The light, attached to a probe, measures changes in cells and blood vessels in the small intestine produced by a growing cancer in the adjoining pancreas. The investigators theorized that there may be changes in the nearby "normal appearing" tissue of the small intestine which is much more accessible.

The preliminary study suggests it may be possible, one day, to use a less invasive endoscope to screen patients for early development of pancreatic cancer, according to a Mayo Clinic statement.
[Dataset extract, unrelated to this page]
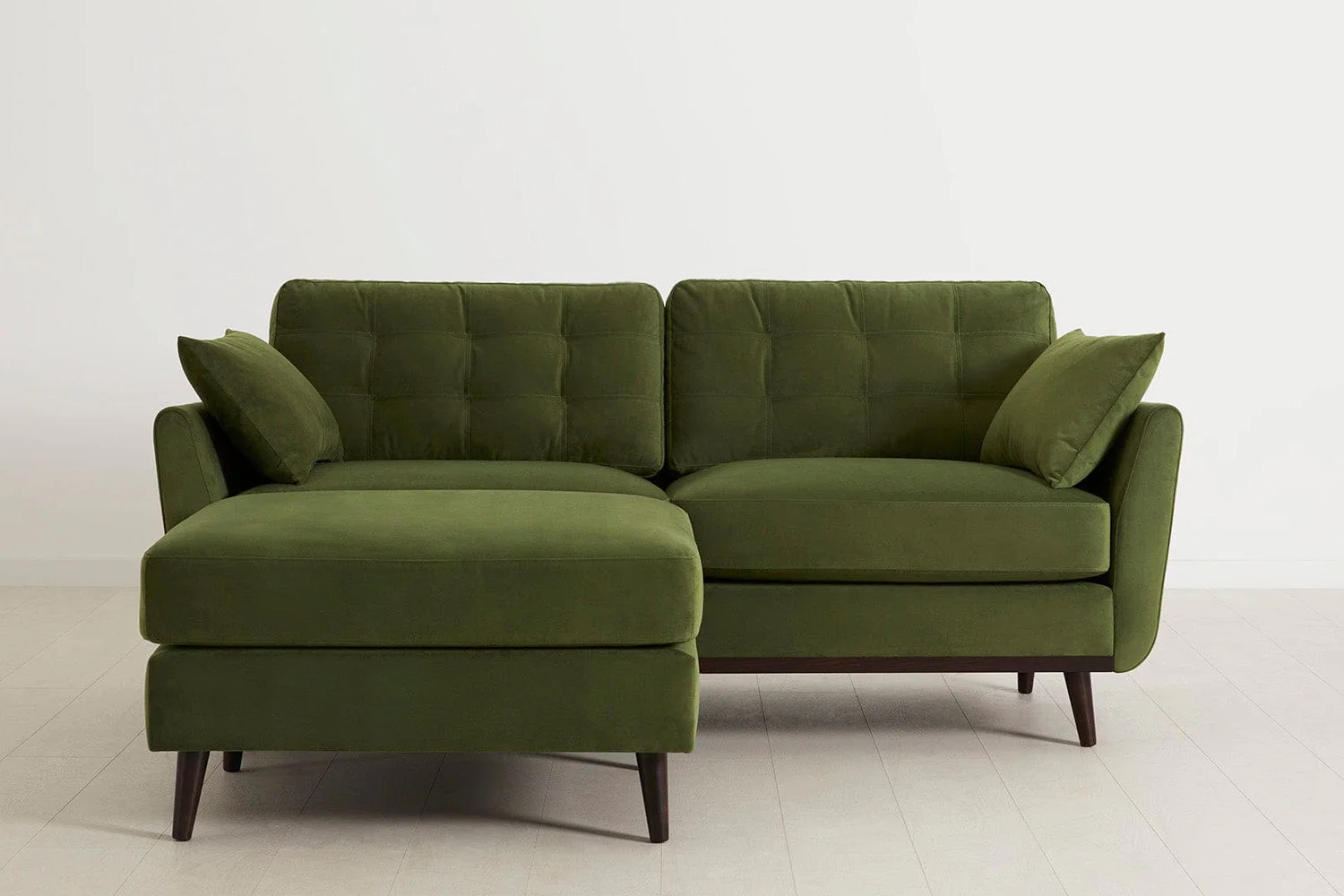 Model 10 2-Seater Left Chaise Sofa - Image 33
"No one ever thought you could detect pancreatic cancer in an area that is somewhat remote from the pancreas, but this study suggests it may be possible," says gastroenterologist Michael Wallace, Mayo Clinic, Florida. He co-authored the study with Vadim Backman, professor of biomedical engineering and gastroenterologist Hemant Roy, both at Northwestern University.

Pancreatic cancer is only curable in five percent of cases, and even when it is surgically removed, 70 percent of patients have a recurrence that is fatal, Wallace says. There are no ways currently to detect the cancer early enough to cure a substantial number of patients, he says.

These findings are being highlighted at the international Digestive Disease Week 2012.